Exercise objective: An exact copy is needed of the lines in the entries below from the line with "Cover of: Food scientist" up to and including the line with "2024 Ford F-150 Lightning Flash", and of nothing else. Leave the pictures out.

Records shown:
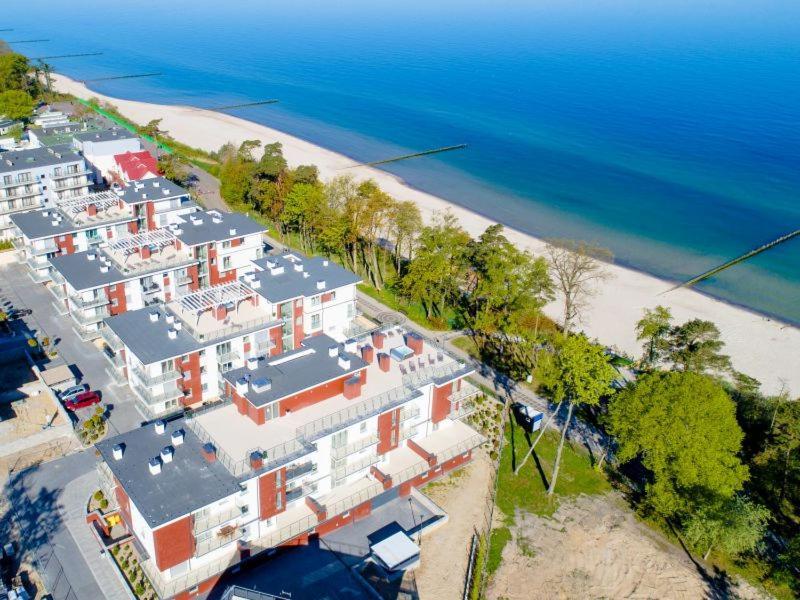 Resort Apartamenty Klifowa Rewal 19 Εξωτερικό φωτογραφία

==

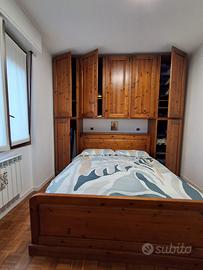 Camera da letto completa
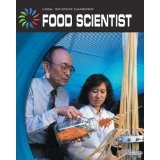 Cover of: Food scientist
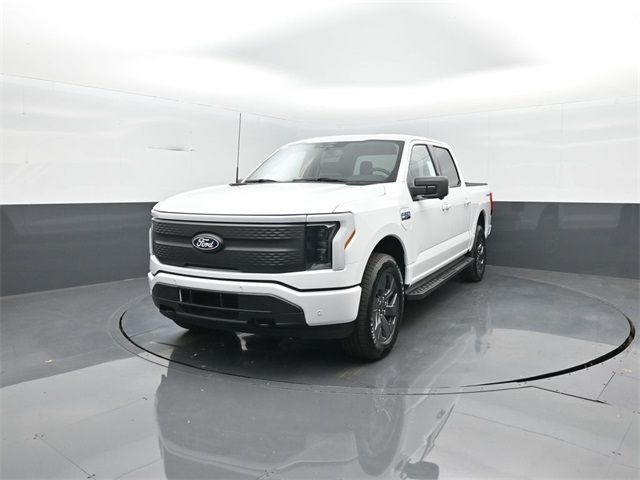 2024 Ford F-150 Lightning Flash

...

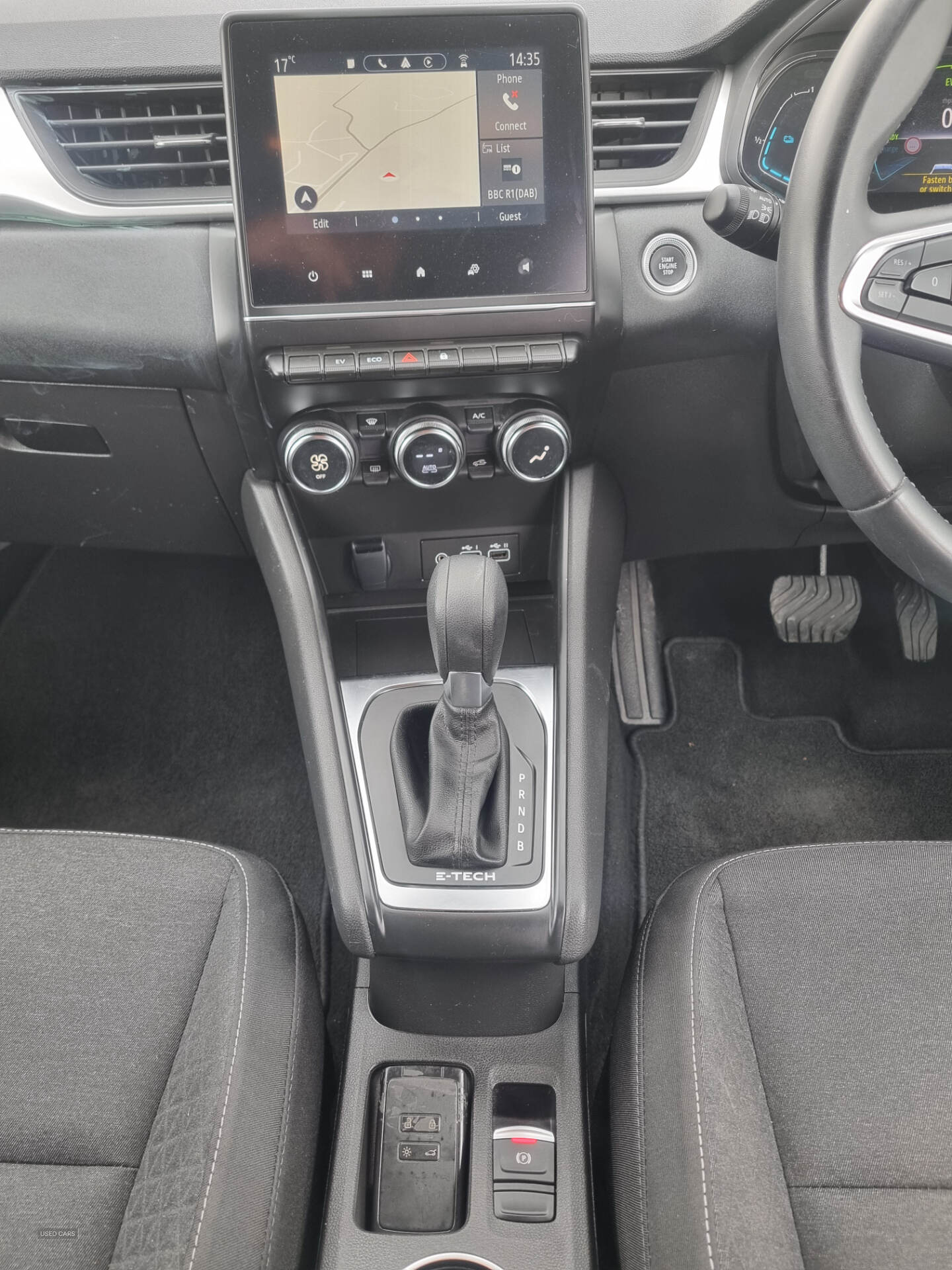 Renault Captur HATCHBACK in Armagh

Task answer:
 Cover of: Food scientist
 2024 Ford F-150 Lightning Flash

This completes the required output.